* [The task]
Your reply is to be the lines below, exactly as written, with images omitted.

* [Material provided]
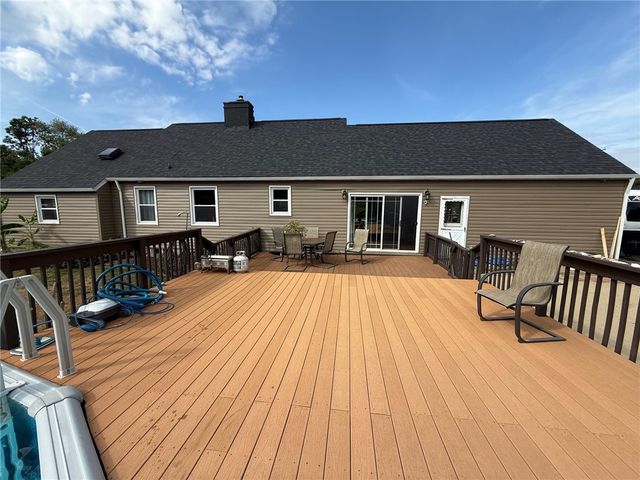 1825 Barclay Hill Rd, Industry, PA 15009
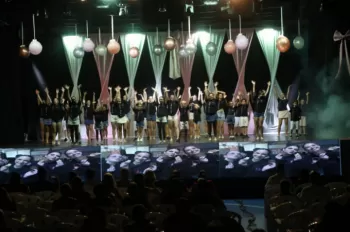 XX Espetáculo de Dança - Entre Laços e Abraços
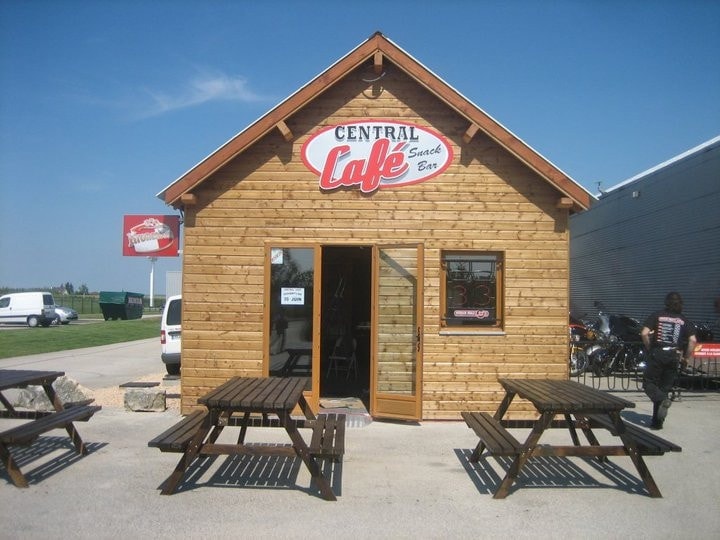 Central café — photo 2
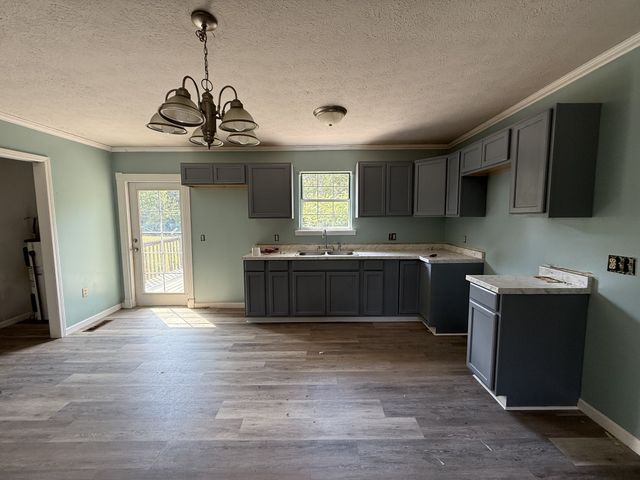 607 Cool Springs Rd, Morgantown, KY 42261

* [Task solution]
 1825 Barclay Hill Rd, Industry, PA 15009
 XX Espetáculo de Dança - Entre Laços e Abraços
 Central café — photo 2
 607 Cool Springs Rd, Morgantown, KY 42261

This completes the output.